Troy Camplin writes:

Well, fascism came out of political/philosophical romanticism (like Rousseau and Marx), so you're really saying the same thing, just using a different term. It's still fascism and it's still economic control, or socialism.

Clintonwasking writes:

I recently attended a speech by Dr. Dwight Lee a professor at the university of Georgia. The main economic concept discussed in his speech was free market economics, Milton Freedman and the government’s flaws in the economy. The issue was the government’s policies regarding the poor. He believes this policy is ineffective. The biggest issue he discussed however was Milton Freedman. Milton Freedman was a very liberal economist who affected the world’s economy in many ways. He believed in freedom and that drugs should be legal, he fought to eliminate wage and price control as well as the draft. He was also opposed to Kainiasm and believed that it was incorrect.
I learned many things from this speech the biggest being Milton Freedman’s affects on the modern economy. I also learned a lot about the depression and why we were in one for so long. I will apply my knowledge of these subjects in my daily life by reflecting on the complete side of economic issues and trying to find what Freedman would have thought on the issues. I also learned that recession is a good thing and it will sort itself out over time because a recession will cause price drops which in turn will stimulate the economy out of recession. I learned the government believed that the way out of the recession was to keep prices high and tried to do this with many strange methods such as burning pigs and not using their meat.
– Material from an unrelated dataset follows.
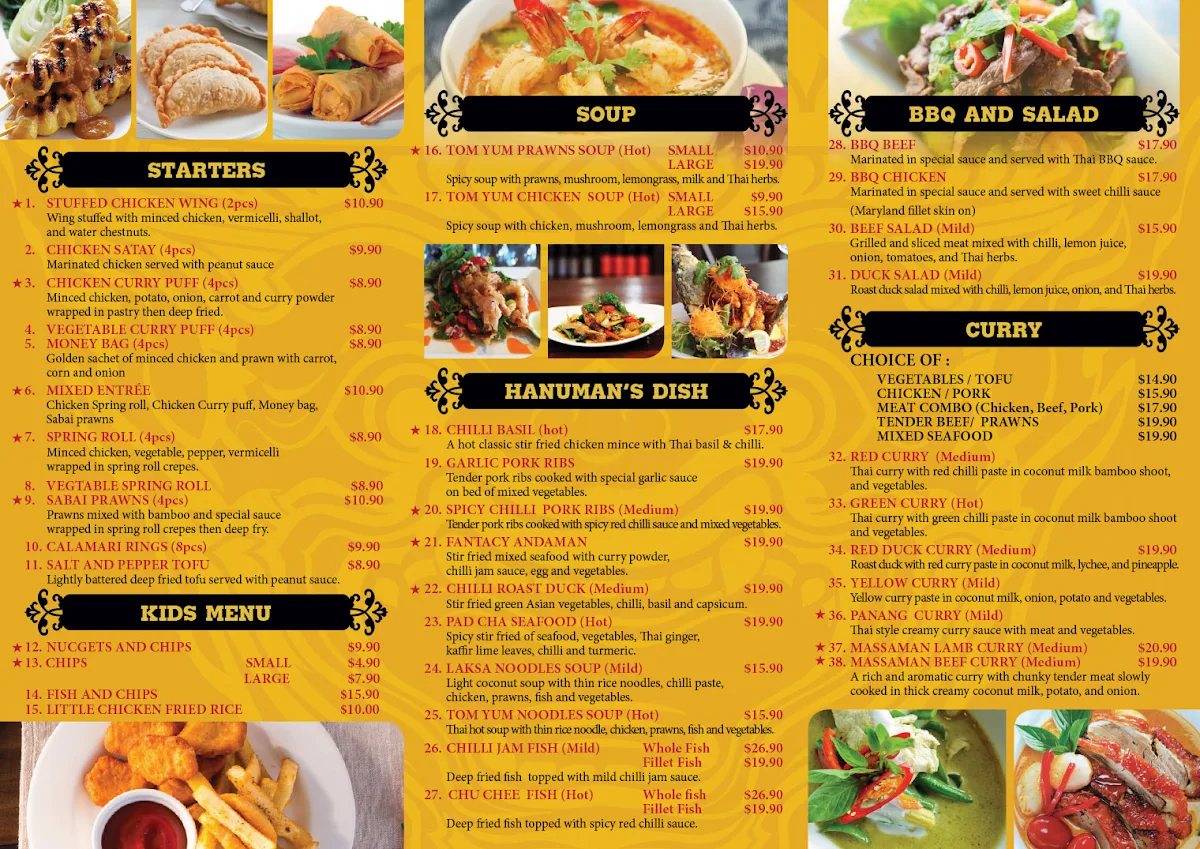 Menu, Hanuman Thai Restaurant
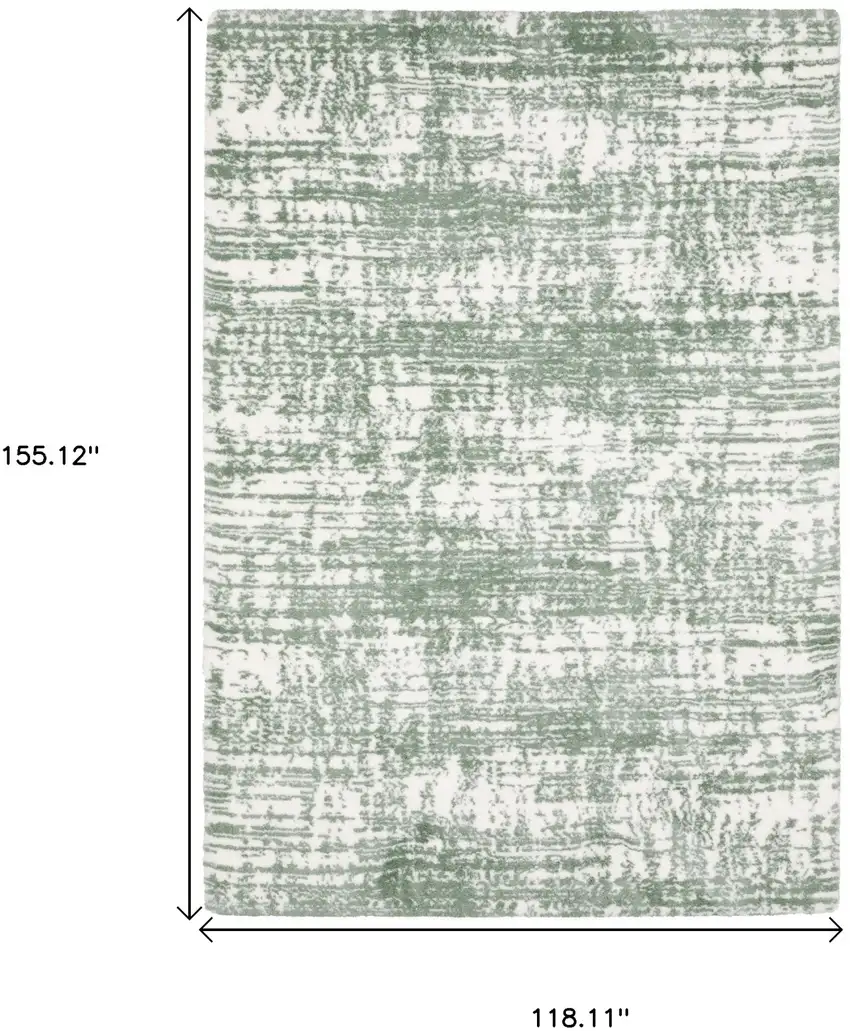 Green And Ivory Abstract Area Rug Photo 3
I was wondering if you agreed with the speaker, and would you consider the acts of the government during the depression to be fascism also with presidents day approaching who would you consider your favorite president.

Lord writes:

I would hate to live there if prices weren't held up. Quite unpleasant. Haven't had anyone suggest long term interest rates are bound to revert to the mean of the last 30 years yet. Part fundamental, part bubble, but true believers always need it to be one or the other.

TGGP writes:

Self described "anti-fascists" often strike me as rather fascistic.

Troy Camplin writes:

That's because the anti-fascists have historically been those on the Left, whose ideology is, in fact, fascistic.

Brian Whippo writes:

Dr. Dwight Lee was the guest speaker I decided to right this article about. Dr. Lee went over an extensive outlook on Milton Freedman and his political contributions over the years. He talked about how Freedman fixed the Keynesian idea and the Keynesian model works in today’s government. According to Dr. Lee, Milton Freedman was a genius when it came to politics and political events. Also, that Freedman was a freedom fighter, who believed in protecting American citizen rights. He believed that Americans should have the right to do whatever they want in the privacy of their own home and that the government should not harass them. He believed America should be allowed to trade with whoever they want to trade with. Milton Freedman was also a mathematical genius who helped design when bombs should go off.
The economic idea I took from the speaker is that the Keynesian model does work, just not in every scenario. Dr. Lee said himself, “ Milton Freedman soon came to realize that his model was not perfect.”
I thought Dr. Lee was a good speaker. I think its cool that he is passionate about what he believes in. The only problem is it is hard to understand everything he was talking about from a student stand point. The fact that we are learning about these things and he is going into very specific detail about each event made it a little hard to understand. I did like the fact that he did have a sense of humor and tried to crack jokes where he could. What I got out of the speech was that running a country and figuring out how to help and make everybody happy is impossible. These two ideas cannot coexist because no matter how much the system is tweaked, it is never good enough for everybody. My question is it is easy to criticize one idea but how does someone go about fixing these problems?